As more and more people prefer reading on e-readers, the Schooner will continue to offer its journal to readers and subscribers in a user-friendly format. Visit the Prairie Schooner website for a link to buy the Kindle issue on Amazon, or download the issue to your mobile device via the Kindle app.

Redd Named Publicity Associate

The esteemed literary magazine, Prairie Schooner, is pleased to announce the hiring of James Redd as its new Publicity Associate! The position of Publicity Associate was recently created to promote the journal’s exciting new projects, such as the 2012 Creative Nonfiction Contest judged by Steven Church, regionally, nationally, and internationally.

Prairie Schooner’s Glenna Luschei Endowed Editor-in-Chief Kwame Dawes says of Redd, “It is our good fortune to find someone who is a gifted writer, a talented and experienced musician, a savvy and witty thinker, and a man with an impressive work ethic. James Redd is a fantastic addition to our team.”

Holding an M.A. with an emphasis in creative writing from Mississippi State University and currently a third-year Ph.D. student in fiction at the University of Nebraska-Lincoln, Redd takes over as Publicity Associate after a two-year tenure as an editorial assistant at the Schooner. His expertise in the promotion of musical acts, including touring, album production and publicity, will serve him well in the position.

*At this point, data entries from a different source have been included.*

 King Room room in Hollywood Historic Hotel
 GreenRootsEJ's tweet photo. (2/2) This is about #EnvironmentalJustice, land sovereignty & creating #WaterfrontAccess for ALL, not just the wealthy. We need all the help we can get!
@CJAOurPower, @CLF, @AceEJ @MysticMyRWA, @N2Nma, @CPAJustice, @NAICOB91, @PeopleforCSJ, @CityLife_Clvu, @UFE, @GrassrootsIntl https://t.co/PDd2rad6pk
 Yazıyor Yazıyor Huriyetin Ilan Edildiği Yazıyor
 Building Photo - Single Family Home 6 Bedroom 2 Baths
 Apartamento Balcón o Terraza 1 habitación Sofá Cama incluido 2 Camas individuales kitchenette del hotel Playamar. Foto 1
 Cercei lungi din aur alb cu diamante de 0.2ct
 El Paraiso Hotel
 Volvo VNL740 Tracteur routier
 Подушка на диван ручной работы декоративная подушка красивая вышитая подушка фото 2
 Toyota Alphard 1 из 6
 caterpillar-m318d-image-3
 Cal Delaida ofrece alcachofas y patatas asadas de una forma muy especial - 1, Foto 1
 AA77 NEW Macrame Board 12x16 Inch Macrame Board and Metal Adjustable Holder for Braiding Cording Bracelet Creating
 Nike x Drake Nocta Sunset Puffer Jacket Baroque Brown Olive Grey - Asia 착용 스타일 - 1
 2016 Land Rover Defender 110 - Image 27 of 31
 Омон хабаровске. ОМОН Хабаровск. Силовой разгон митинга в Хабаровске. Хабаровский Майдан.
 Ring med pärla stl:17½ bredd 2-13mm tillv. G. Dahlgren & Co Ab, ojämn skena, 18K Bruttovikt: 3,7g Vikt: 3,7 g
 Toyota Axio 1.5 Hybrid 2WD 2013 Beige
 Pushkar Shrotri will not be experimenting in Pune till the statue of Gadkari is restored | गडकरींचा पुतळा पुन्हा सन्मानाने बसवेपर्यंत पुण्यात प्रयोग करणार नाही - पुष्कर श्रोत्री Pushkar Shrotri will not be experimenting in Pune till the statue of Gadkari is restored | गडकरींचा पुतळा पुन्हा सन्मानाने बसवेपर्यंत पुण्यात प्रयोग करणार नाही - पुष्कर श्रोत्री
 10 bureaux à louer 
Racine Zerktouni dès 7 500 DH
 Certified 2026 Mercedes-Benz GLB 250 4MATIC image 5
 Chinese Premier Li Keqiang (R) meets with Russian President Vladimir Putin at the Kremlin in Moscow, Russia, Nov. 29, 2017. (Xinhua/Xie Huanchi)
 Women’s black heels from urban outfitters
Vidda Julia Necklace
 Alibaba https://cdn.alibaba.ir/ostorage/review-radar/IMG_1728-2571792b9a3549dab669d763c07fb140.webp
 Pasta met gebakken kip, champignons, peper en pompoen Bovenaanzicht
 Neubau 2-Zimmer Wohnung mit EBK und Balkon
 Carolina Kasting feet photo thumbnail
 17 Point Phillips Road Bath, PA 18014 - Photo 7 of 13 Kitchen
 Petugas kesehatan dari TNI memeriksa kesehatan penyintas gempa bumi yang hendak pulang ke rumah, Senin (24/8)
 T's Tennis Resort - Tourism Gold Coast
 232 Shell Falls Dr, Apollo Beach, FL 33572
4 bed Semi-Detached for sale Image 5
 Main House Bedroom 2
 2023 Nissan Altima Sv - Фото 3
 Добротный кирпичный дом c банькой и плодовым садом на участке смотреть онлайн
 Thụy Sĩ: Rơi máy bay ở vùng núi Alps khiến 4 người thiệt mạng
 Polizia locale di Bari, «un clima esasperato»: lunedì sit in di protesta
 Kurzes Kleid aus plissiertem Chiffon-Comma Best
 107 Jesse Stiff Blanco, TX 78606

Recently, Redd has served Prairie Schooner in innovative capacities, as he was invited to read, in his authentic Southern accent, Eudora Welty’s “The Whistle” for its digital project, and he was enlisted to write and present an ekphrastic song in response to Greg Hrbek’s book-prize-winning collection of short stories, Destroy All Monsters. In addition to his experience with PS, he served as an editor for the Jabberwock Review and Illuminations.

His writing was nominated for inclusion in Best New American Voices 2009, and he won Second place in the Mari Sandoz/Prairie Schooner award for the short story. His story "Visiting" is published in the Fall 2011 issue of Fifth Wednesday. Read the Winter 2011 issue of Parting Gifts to enjoy more of his work. He has just completed a book-length collection of poetry entitled A Man of God’s Own Heart and is writing a novel called Revival!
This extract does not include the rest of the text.